É, pois, imprescindível ressaltarmos a historicidade das palavras proferidas por Walter
Benjamin, sobretudo se ambicionarmos compreender seu pensamento político/social. O terreno
maior dessa discussão é o velho continente europeu. Se 1914 ficou marcado pelo desenredo do
sentimento de progresso e esperança provocados pela Belle Époque, 1939 caracterizou-se pela
inumação de centenas de milhares de almas – incluindo a do próprio Benjamin. Ao término da
guerra, a impressão que se teve foi a de que “a experiência do horror e da exterminação
metódica parece ter provocado um abalo sem precedentes da confiança na ciência e na razão”
(p. 41).

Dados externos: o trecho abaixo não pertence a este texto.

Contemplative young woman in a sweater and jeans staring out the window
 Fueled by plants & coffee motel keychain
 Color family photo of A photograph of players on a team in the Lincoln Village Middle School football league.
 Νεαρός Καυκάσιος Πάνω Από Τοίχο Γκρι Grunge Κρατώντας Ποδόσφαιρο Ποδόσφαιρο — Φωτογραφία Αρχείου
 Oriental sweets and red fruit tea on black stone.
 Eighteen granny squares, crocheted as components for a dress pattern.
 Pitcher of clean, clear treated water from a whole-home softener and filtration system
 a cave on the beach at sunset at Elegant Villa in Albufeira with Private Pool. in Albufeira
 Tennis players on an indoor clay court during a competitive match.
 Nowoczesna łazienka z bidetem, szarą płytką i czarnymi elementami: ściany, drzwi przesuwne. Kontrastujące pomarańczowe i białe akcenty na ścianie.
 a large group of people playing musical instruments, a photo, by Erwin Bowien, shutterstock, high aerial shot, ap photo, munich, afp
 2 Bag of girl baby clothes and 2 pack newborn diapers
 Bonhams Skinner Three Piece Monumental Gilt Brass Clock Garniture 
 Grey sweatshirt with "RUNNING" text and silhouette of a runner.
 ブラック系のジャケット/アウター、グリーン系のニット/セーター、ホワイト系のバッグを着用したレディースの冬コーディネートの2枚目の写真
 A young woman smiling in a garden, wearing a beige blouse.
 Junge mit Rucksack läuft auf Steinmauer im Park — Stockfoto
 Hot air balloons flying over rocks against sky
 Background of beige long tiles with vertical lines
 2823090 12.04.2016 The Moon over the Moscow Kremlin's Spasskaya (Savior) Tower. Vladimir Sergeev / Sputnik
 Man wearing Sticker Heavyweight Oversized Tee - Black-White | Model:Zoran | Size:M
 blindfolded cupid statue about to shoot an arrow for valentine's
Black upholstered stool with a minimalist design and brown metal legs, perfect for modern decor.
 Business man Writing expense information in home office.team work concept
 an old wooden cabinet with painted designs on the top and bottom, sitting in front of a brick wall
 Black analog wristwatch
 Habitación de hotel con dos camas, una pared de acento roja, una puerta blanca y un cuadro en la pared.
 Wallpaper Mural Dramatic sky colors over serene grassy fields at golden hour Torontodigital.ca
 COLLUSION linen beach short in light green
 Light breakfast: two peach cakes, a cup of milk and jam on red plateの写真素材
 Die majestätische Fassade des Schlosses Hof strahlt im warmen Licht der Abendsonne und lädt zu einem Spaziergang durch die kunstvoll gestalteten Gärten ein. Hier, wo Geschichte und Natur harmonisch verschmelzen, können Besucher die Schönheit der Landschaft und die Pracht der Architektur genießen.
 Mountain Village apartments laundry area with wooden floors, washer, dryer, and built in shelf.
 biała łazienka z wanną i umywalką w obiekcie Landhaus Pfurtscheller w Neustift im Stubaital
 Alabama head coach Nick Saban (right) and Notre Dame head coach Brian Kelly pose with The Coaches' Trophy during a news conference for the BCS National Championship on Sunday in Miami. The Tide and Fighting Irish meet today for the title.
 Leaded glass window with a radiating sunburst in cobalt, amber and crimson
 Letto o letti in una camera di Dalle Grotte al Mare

Para Gagnebin, a década de 1980 é particularmente tipificada pela suspeição do caráter
científico do discurso das ciências humanas (Jean-François Lyotard, em “A condição pós-
moderna” (1979), traça um diagnóstico preciso ao ressaltar o “fim das metanarrativas” como
um fator preceptivo nesse período de crise epistêmica). Ora, se não há mais uma verdade
disponível e verificável, como conciliar isso a um ofício que se pretende científico?
Assim, o anjo da História, figura que na clássica descrição de Walter Benjamin aparenta
estar de costas para o futuro, começa a se afastar também do passado. Não há verdades. Tudo
é narrativa. Afinal, como ficou eternizado nos termos do crítico literário Roland Barthes, o autor
está morto. A referência externa ao texto desmanchou-se no ar – como a própria modernidade.
O que resta são signos que se remetem a outros signos, num processo ad infinitum. Com isso,
o negacionismo/revisionismo histórico ganhou força e as câmaras de gás, que antes
simbolizavam a banalidade do mal, hoje representam para muitos um fato cuja materialidade
se desfez no tempo. Em Walter Benjamin, ao se renegar a memória, nega-se também um
mortuário às vítimas do horror circunstancial do passado. Ou, fazendo referência ao historiador
francês Michel de Certeau, “o discurso sobre o passado tem como estatuto ser o discurso do
morto” (Certeau, 1982, p. 56). É preciso, por conseguinte, rememorar para que os mortos
consigam repousar em silêncio.
Para Paul Ricœur, a problemática referente à linguagem tornou-se um entrave frente ao
incontornável revisionismo que se estendeu no Pós-guerra (o linguistic turn e o movimento pós-
estruturalista na França foram, respectivamente, os grandes responsáveis por essa “revolução
copernicana” no âmbito dos estudos linguísticos, ambos precedidos pelas assertivas de
Ferdinand de Saussure e seu estruturalismo). Em resposta aos desafios impostos pelo Zeitgeist,
Ricœur recorreu a um conceito de verdade estranho ao método heurístico de caráter
nomológico. Trata-se, portanto, de uma abordagem “não descritiva do mundo”. No caso
específico da História, a principal dificuldade advém da dubiedade provocada pelo próprio
termo, que engloba tanto o narrado (historiam rerum gestarum) quanto o acontecido (res
gestae). No texto, Gagnebin ressalta que é “preciso levar a sério e tentar pensar até o limite essa
preciosa ambiguidade do próprio conceito de História, em que se ligam, indissociavelmente, o
agir e o falar humanos” (p. 43).
Em linhas gerais, tanto Benjamin quanto Ricœur insurgem-se contra “[...] o
esquecimento e a denegação, mas sem cair em uma definição dogmática de verdade” (p. 44).
Neste sentido, o ato de historiar apresenta-se como uma operação essencialmente política (aqui,
o “político” ganha uma dimensão coletiva, distinto do conceito de “ídolo político” trabalhado
por historiadores como François Simiand). Outrossim, o historiador não é um agente à parte
das estruturas sociais do seu espaço de experiência. Seja na curta, média ou longa duração, os
efeitos do tempo histórico sobre a escrita são indissociáveis do resultado final da pesquisa.
Porém, ainda que não seja possível uma objetividade tal qual defendida pelos
historicistas/positivistas (“apenas mostrar como realmente aconteceu”, como costumava dizer
Ranke), ainda persiste uma obrigação ética à memória das vítimas que sucumbiram à barbárie.